La trampa del modelo de liderazgo de transición

Hay un patrón recurrente en organizaciones públicas complejas: cuando la relación entre la junta y el CEO se deteriora, la institución recurre a un interino de perfil técnico para "estabilizar" mientras busca al sucesor ideal. El problema es que esa fase de interinato suele durar más de lo previsto, consume energía organizacional y congela decisiones estratégicas que no pueden esperar.

En el caso de DART, la búsqueda de un CEO permanente se hará a nivel nacional, lo que típicamente toma entre seis y doce meses cuando se hace con rigor. Durante ese periodo, la agencia tendrá que gestionar las elecciones de mayo, negociar posibles ajustes de servicio si alguna ciudad se retira, y al mismo tiempo mantener la confianza de los socios federales y privados que financian proyectos de expansión de infraestructura. Todo eso bajo un liderazgo que, por definición, tiene fecha de vencimiento.

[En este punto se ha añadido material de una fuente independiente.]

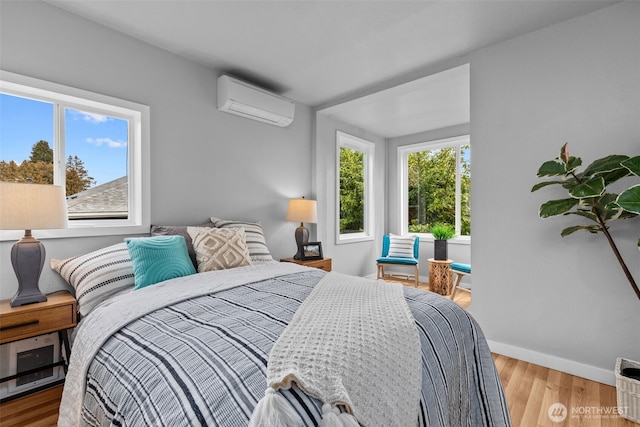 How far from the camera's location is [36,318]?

Este no es un problema de personas. Es un problema de diseño institucional. Una agencia que depende de la aprobación política de 13 jurisdicciones para operar tiene, estructuralmente, un conflicto permanente entre la velocidad de ejecución que exige la gestión de infraestructura y los ciclos electorales que condicionan cada decisión relevante. Ningún CEO, por competente que sea, puede resolver ese conflicto desde adentro. Solo puede administrarlo.

El directorio como arquitecto de su propio problema

Lo que el episodio del despido de Lee ilustra con claridad es que el directorio de DART tiene poder para terminar contratos, pero enfrenta limitaciones estructurales para cambiar el entorno político que hace tan difícil la gestión ejecutiva. Esa asimetría es cara. Produce ciclos de desgaste donde CEOs capaces salen anticipadamente, los interinatos se extienden y la continuidad estratégica se sacrifica en favor de la estabilidad de corto plazo.

Si la búsqueda del próximo CEO no viene acompañada de una revisión del modelo de gobernanza —cómo se toman las decisiones, qué nivel de autonomía ejecutiva existe, cómo se gestiona el conflicto entre ciudades miembro— DART obtendrá un nuevo nombre en la silla, pero el mismo sistema que dificultó la gestión anterior.

La variable crítica no es quién ocupa la presidencia. Es si el directorio tiene la disciplina institucional para proteger la continuidad operativa de largo plazo frente a las presiones políticas de corto plazo que, por diseño, lo constituyen. Esa disciplina no se instala con un nombramiento interino. Se construye reformando los mecanismos por los cuales la política municipal determina las decisiones de una red de tránsito regional.